Surveillance videos have become crucial objects for ensuring the safety and security of crowded places such as concerts, subways, airports, and many others. In recent times, the installation of security cameras has rapidly increased in both public and private places. The complexity of finding the anomaly will increase drastically as the amount of footage increases and there may be occlusions for the analysis of the video, which consumes both time and may result in false detections. To overcome these drawbacks, we have produced an approach using machine learning algorithms. In this approach, we use the background subtractor for the elimination of the static things in the video frames and concentrate on the dynamic things. Secondly, we extract the spatio-temporal features from the individual frame to increase the efficiency of the detection. This approach is evaluated using the UCSD Dataset, which comprises 50 training and 48 testing samples. The effectiveness of this approach has been testified against metrics such as F1 score, Recall, Precision, and Accuracy
Introduction
I. INTRODUCTION
The biggest challenges of anomaly identification in crowds are false positives, background clutter, and occlusion. The goal of recent technological developments has been to increase crowd anomaly detection's efficacy. Machine learning has recently advanced quickly in addressing these difficulties with the use of algorithms that can discern between normal and aberrant behavior and evaluate complex data patterns.
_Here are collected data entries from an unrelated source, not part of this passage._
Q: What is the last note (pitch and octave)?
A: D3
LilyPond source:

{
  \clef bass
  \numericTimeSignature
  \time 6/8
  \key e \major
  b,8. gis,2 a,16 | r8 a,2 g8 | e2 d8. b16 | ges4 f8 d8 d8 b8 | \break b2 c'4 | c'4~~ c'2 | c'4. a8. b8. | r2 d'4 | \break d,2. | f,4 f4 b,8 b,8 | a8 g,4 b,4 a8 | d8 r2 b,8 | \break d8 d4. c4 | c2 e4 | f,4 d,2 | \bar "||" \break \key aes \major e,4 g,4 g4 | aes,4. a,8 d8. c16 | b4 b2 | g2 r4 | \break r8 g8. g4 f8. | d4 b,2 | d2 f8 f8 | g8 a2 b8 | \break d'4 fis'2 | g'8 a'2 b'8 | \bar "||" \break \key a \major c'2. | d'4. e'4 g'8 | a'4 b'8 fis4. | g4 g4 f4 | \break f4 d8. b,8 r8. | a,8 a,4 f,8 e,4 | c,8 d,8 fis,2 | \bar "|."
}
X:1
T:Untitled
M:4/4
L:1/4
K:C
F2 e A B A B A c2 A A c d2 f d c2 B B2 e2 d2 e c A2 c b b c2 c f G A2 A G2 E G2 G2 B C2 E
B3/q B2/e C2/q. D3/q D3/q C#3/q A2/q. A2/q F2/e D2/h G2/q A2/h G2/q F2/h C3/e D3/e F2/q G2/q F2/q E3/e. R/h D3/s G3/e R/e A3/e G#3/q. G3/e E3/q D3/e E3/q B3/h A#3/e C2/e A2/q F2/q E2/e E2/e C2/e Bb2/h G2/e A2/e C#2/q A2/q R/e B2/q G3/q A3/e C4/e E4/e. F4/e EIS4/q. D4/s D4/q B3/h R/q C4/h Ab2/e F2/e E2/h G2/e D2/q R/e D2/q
We have mainly used machine learning methods, such as the k-neighbors and decision tree classifiers, to improve the ability to distinguish between normal and aberrant behavior. The uploaded video frames' attributes are utilized to train the decision trees. The characteristics include human activities, spatiotemporal elements, etc. As a result, by training the classifier on various kinds of video frames, we may raise its performance. We are utilizing the K-Neighbors classifier, which can recognize patterns in the frames that contradict each other as well as the commonalities between typical video frames.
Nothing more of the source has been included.